Task to carry out:
Wherever a picture appears, skip it and retype the rest of the data exactly.

Input data:
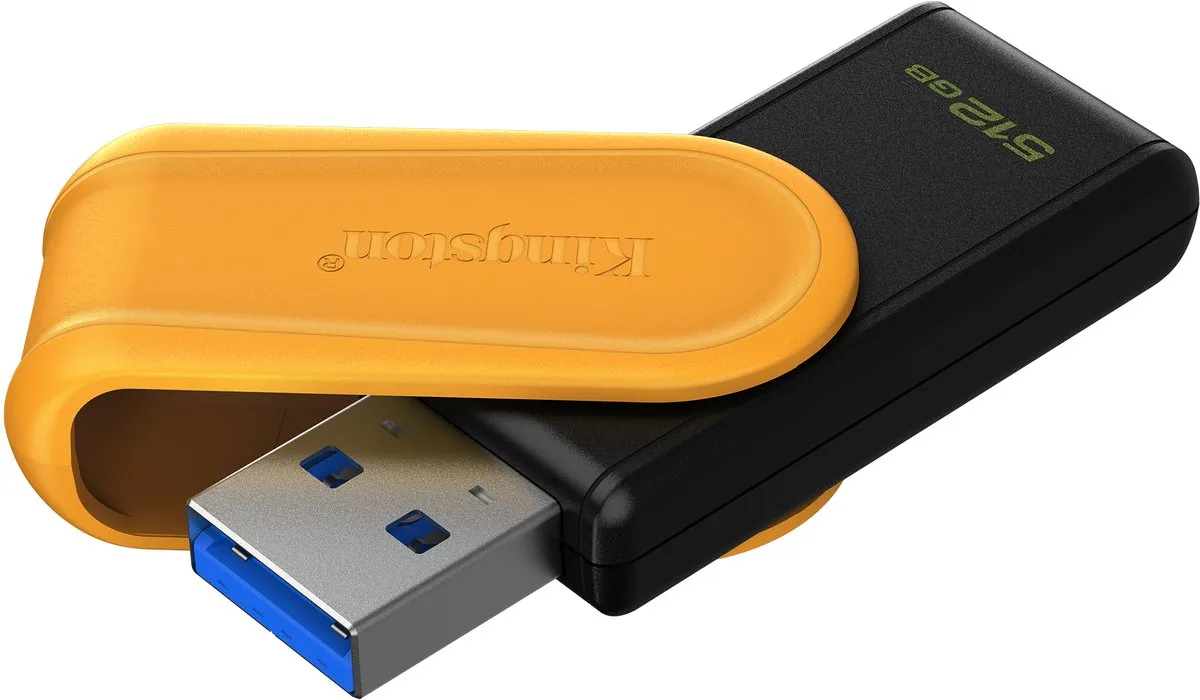 Kingston DataTraveler Exodia S DTXS/512GB - 512GB USB 3.2 - Zwart/Geel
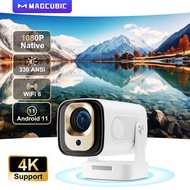 Magcubic HY310 Mini Projector Auto focus 4K Native 1080P 330ANSI Android11 5W Speaker Air Mouse Voic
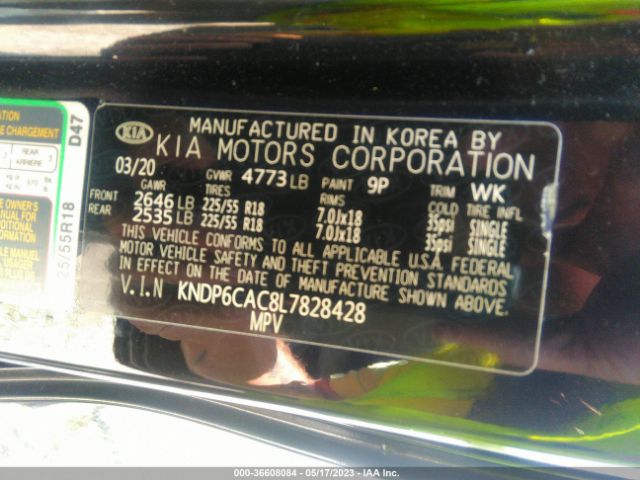 KNDP6CAC8L7828428 KIA SPORTAGE S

Answer to this exercise:
 Kingston DataTraveler Exodia S DTXS/512GB - 512GB USB 3.2 - Zwart/Geel
 Magcubic HY310 Mini Projector Auto focus 4K Native 1080P 330ANSI Android11 5W Speaker Air Mouse Voic
 KNDP6CAC8L7828428 KIA SPORTAGE S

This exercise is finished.